- _What needs to be done_:
Everything below from the line with "Husă Guess GUAPSGGEU" through the line with "Madeline Egyptian Cotton" should be copied exactly, and nothing else; leave out the pictures.

- _Data section_:
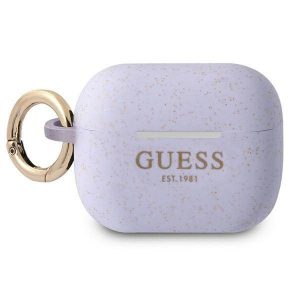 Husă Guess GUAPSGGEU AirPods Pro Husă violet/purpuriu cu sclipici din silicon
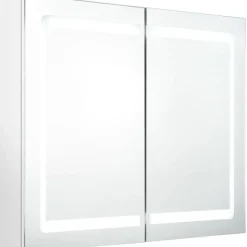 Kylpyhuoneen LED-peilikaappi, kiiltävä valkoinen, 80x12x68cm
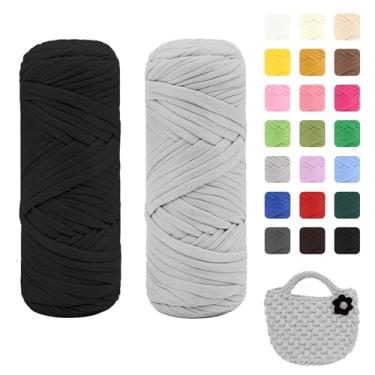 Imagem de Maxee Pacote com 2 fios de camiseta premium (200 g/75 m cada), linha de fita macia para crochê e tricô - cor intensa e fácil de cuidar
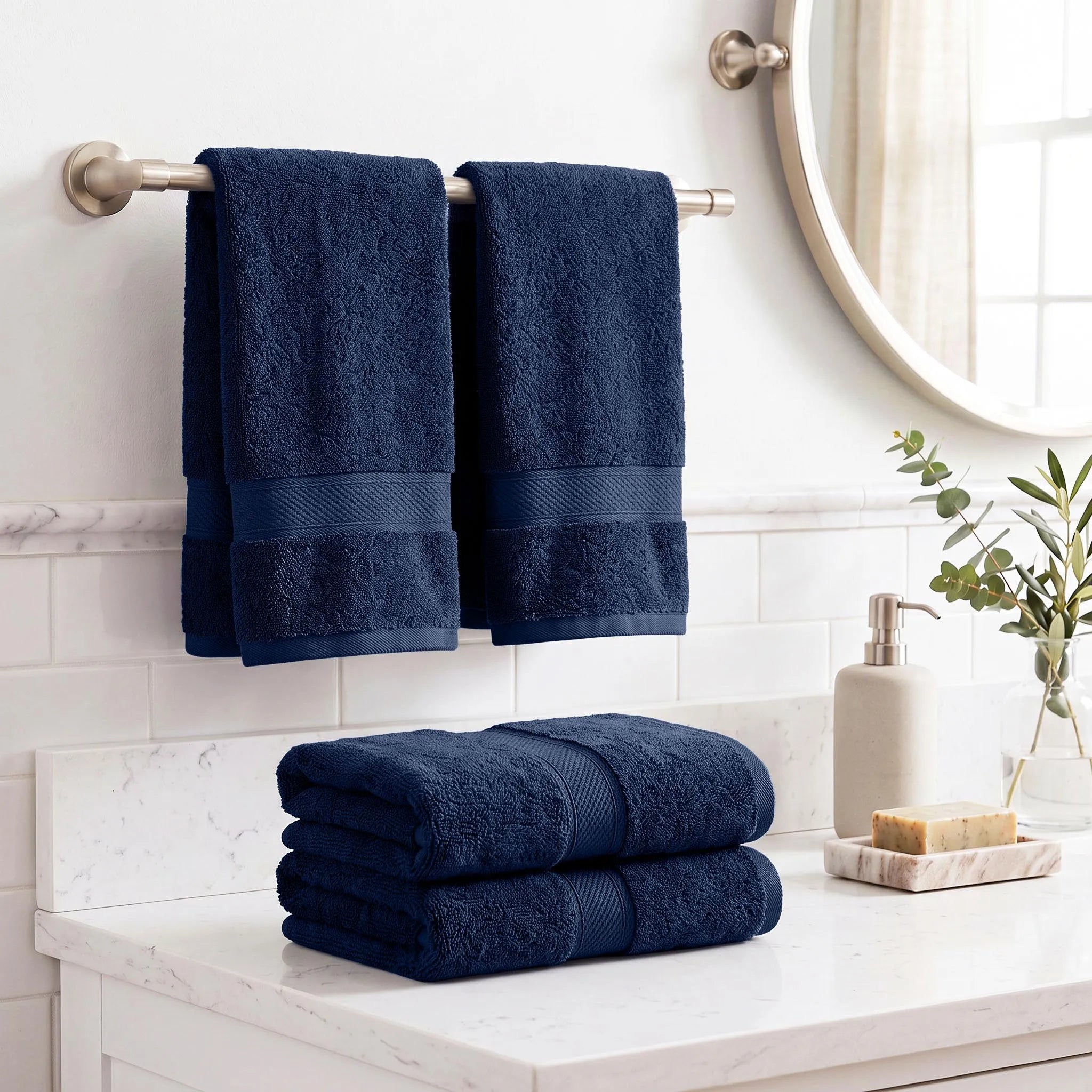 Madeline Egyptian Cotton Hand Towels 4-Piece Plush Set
==
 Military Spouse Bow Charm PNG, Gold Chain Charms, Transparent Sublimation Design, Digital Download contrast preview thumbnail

- _Answer_:
 Husă Guess GUAPSGGEU AirPods Pro Husă violet/purpuriu cu sclipici din silicon
 Kylpyhuoneen LED-peilikaappi, kiiltävä valkoinen, 80x12x68cm
 Imagem de Maxee Pacote com 2 fios de camiseta premium (200 g/75 m cada), linha de fita macia para crochê e tricô - cor intensa e fácil de cuidar
 Madeline Egyptian Cotton Hand Towels 4-Piece Plush Set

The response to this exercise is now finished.